[aur-general] new aur mirror

Fri Jan 28 16:00:13 EST 2011

A few more kinks have been worked out, and aur.kmkeen.com is fully
synced once more.  New features:

A bundle of all pkgbuilds (updated daily) at
http://aur.kmkeen.com/all_pkgbuilds.tar.xz
It is around 5 MB.

A regex search.  Names only (descriptions later).  In the spirit of
Arch, netcat is the only supported client.
 > echo 'names .*pac.*' | nc aur.kmkeen.com 1819
It uses Python regex.

On 1/27/11, Loui Chang <louipc.ist at gmail.com> wrote:
> I thought it might be a good idea to just give some
> resourceful users convenient access to the data

Well, there is no filtering by user agent, so that is pretty
convenient already.  You can easily download everything except for who
voted for what.

There are two main groups of people interested in mirrors.  First
group represents probably the majority* of the interest, and they are
easy to appease.  They want ABS for the AUR, possibly for bulk static
analysis.  Could be something as trivial as counting the number of
"return 1" or as heavy as testing a new pkgbuild parser against the
scariest pkgbuilds known to man.  The all_pkgbuilds bundle is meant
for them.

* Sample size three.  There is not much interest.

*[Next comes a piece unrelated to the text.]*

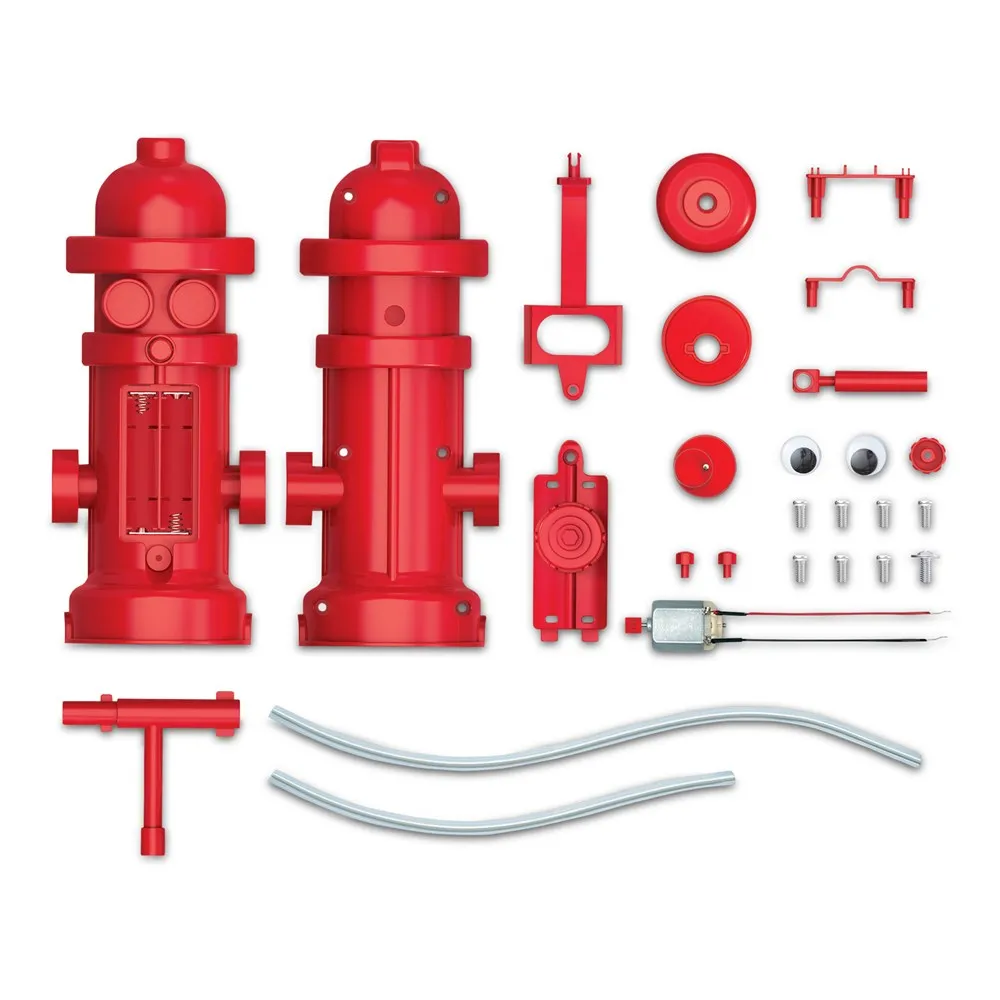 4M KIDZROBOTIX HYDRANT ROBOT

The other group of people (sample size two) will never be happy.  They
want a mirror, and they will never be happy because there will always
be lag behind the original.  Right now I am mirroring by hitting the
RSS every minute.  The RSS window is tiny, and I've seen a single
person swamp it with a bulk update.  Stuff like deletions or comments
are hard to get and require a brute force scan.  Mine loops through
everything each 24 hours.  If I kill all the delays and multithread
it, a clone can be hammered out in 30 minutes.  Brute force scanning
kind of sucks.  Figuring out if a package has been deleted is the most
complicated bit of logic in my crawler, and I am not 100% certain it
works properly.

> I'd like to test a theory that one reason we haven't seen much
> development is because all the data is held hostage on the AUR server.

The AUR is hardly a walled garden.  If you want the data, you can get
it with minimal effort.  (Two lines of bash for the download.)  I am
more likely to credit apathy or inertia.

> Also, do you have an scm repo with the code you've used to implement
> your interface? Thanks.

Yes, but not public.  I've done enough horrible things to the AUR, an
accidental DDoS is the last thing I need on my shoulders.

-Kyle
http://kmkeen.com